Change Healthcare reportedly is going through one other assault, this time by ransomware gang RansomHub, simply weeks after it grew to become a sufferer in an ALPHV/BlackCat cyberattack.
RansomHub is demanding an extortion cost for an alleged 4TB of information it stole from the corporate; in any other case, it is threatening to promote the info to the very best bidder in 12 days.
The stolen info accommodates the delicate knowledge of US navy personnel and sufferers, in addition to medical information and monetary info, amongst different issues.
“Change Healthcare and United Well being, you have got one probability in defending your shoppers knowledge,” RansomHub reportedly mentioned. “The information has not been leaked wherever and any respectable menace intelligence would affirm that the info has not been shared nor posted.”
This places Change Healthcare, a subsidiary of United Healthcare, in what possible is a tough place in having to resolve whether or not or not paying the ransom is its best choice when it has solely simply gotten again on its toes from the final assault.

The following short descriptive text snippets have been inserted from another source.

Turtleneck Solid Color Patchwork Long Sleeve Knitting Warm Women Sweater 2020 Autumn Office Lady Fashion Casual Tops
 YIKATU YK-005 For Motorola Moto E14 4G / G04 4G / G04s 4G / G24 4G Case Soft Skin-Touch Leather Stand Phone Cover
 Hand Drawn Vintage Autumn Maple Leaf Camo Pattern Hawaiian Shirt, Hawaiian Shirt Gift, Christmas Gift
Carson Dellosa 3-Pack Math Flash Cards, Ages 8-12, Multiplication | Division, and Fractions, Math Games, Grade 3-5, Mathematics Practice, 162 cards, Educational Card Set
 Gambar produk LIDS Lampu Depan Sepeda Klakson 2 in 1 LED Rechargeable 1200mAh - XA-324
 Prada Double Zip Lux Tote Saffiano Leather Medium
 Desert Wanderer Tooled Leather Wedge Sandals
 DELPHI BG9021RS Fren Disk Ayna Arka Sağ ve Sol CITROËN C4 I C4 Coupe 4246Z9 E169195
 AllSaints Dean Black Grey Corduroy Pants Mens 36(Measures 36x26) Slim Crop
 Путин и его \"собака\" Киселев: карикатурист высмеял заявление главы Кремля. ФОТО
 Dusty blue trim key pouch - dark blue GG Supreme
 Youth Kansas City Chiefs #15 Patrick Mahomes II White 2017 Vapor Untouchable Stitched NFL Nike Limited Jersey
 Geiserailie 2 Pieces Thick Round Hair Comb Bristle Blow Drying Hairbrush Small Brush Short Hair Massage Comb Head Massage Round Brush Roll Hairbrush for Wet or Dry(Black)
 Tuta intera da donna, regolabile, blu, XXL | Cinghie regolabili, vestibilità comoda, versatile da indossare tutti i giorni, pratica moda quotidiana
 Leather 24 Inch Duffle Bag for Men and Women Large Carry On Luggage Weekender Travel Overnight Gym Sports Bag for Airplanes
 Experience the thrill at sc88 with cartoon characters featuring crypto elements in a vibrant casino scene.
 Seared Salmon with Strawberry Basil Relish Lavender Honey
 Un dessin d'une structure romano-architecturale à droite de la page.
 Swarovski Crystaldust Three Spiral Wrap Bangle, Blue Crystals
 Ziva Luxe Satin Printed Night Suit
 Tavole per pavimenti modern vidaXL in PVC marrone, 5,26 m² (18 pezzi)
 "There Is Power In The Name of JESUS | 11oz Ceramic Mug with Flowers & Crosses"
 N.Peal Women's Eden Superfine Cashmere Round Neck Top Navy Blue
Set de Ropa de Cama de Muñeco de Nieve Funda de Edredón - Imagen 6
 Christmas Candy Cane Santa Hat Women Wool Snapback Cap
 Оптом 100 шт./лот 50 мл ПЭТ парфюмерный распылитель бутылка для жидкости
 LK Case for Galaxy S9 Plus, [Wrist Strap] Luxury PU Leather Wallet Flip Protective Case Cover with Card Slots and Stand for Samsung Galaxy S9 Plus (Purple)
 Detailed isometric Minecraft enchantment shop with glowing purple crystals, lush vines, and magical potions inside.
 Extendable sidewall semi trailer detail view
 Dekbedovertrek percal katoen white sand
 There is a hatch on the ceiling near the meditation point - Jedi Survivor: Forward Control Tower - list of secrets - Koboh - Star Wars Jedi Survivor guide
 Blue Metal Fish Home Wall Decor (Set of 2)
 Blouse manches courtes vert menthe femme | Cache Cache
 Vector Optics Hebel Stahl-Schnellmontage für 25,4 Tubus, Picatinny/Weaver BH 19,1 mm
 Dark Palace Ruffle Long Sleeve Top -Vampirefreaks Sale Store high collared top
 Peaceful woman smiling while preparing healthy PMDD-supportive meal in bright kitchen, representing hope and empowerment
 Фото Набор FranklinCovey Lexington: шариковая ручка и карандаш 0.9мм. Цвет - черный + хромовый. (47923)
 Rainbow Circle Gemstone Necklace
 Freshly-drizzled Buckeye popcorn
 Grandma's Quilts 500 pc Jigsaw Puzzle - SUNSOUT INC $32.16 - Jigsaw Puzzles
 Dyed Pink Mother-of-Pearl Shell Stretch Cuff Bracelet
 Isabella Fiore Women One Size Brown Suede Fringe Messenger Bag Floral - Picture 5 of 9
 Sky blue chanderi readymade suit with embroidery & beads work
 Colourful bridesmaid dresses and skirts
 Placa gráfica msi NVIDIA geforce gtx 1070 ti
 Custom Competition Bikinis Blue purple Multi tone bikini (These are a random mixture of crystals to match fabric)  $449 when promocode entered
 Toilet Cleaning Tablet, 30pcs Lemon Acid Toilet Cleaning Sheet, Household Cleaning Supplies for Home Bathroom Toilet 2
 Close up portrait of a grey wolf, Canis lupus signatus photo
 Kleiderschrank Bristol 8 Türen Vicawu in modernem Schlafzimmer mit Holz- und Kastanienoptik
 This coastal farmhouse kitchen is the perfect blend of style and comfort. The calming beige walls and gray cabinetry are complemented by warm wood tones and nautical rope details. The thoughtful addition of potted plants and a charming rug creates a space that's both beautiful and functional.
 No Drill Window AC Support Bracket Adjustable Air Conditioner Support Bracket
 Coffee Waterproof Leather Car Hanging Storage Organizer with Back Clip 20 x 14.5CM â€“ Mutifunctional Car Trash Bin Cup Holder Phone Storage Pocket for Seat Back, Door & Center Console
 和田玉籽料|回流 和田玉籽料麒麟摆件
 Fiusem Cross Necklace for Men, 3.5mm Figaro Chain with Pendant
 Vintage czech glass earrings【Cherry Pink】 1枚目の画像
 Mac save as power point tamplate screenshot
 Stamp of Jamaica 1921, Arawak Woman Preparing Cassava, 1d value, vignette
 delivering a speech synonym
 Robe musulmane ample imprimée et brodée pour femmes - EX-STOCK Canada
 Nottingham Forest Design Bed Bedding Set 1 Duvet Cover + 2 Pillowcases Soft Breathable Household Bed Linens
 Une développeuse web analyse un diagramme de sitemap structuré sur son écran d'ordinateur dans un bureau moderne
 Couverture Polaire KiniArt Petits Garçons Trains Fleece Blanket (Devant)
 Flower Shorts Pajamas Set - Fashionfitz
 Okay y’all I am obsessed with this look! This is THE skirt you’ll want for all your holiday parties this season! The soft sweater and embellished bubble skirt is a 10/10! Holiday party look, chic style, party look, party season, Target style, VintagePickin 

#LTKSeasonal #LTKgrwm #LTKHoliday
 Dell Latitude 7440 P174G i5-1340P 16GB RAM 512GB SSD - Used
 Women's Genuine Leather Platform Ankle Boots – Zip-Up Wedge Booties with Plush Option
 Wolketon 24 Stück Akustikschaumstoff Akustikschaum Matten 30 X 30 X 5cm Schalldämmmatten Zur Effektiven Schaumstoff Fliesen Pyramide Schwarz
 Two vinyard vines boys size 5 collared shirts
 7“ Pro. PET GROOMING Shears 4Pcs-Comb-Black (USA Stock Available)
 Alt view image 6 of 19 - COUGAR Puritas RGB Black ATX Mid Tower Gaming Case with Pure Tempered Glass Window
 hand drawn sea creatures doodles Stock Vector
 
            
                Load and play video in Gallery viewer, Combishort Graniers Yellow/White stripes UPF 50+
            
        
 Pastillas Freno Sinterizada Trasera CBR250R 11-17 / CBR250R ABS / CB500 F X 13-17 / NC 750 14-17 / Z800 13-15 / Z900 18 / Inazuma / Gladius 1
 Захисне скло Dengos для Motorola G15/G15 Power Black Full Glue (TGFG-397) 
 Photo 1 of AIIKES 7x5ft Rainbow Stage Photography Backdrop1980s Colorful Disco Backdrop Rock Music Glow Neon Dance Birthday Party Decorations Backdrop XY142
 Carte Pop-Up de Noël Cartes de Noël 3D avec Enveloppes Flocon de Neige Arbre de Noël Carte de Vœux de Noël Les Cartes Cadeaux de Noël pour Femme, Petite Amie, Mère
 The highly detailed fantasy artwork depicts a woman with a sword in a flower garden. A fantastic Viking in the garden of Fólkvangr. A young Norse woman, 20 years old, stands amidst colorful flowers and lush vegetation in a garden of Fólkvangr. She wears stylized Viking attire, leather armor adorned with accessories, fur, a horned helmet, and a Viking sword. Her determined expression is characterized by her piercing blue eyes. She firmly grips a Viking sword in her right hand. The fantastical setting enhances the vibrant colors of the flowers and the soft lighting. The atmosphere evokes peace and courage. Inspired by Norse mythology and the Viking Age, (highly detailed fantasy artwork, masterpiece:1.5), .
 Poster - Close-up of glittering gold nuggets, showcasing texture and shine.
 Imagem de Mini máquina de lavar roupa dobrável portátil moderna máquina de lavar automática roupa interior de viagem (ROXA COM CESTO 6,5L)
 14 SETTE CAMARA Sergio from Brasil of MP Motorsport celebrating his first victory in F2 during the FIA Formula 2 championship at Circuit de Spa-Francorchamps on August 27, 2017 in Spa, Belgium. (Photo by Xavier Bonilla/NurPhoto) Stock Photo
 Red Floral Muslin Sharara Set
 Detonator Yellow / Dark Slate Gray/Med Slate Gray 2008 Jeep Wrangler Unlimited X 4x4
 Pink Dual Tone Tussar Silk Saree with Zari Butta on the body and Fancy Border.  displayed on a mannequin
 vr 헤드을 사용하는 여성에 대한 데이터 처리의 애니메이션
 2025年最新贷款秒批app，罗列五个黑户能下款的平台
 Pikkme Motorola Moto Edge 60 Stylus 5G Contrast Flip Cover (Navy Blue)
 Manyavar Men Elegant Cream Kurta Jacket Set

Based on Malachi Walker, safety adviser at DomainTools, whose workforce has been following ALPHV/BlackCat’s exercise, “this new info helps a number of theories that our workforce has urged; however irrespective of the case, it is unlucky that Change Healthcare is caught in the course of this battle between two rival gangs,” he mentioned in an emailed assertion.
“Even when not linked to BlackCat, RansomHub might be claiming ties to their victims to scare them into making a cost,” he added. “There’s a huge underground economic system booming across the ransomware scene immediately the place affiliate applications recruit on hacker boards, preliminary entry brokers promote footholds into organizational networks, and ransomware teams collaborate to share info.”
Although there may be vital hypothesis concerning whether or not ALPHV rebranded to RansomHub, or if there may be any connection in any respect, Walker mentioned there is no such thing as a affirmation, because it’s too early to inform.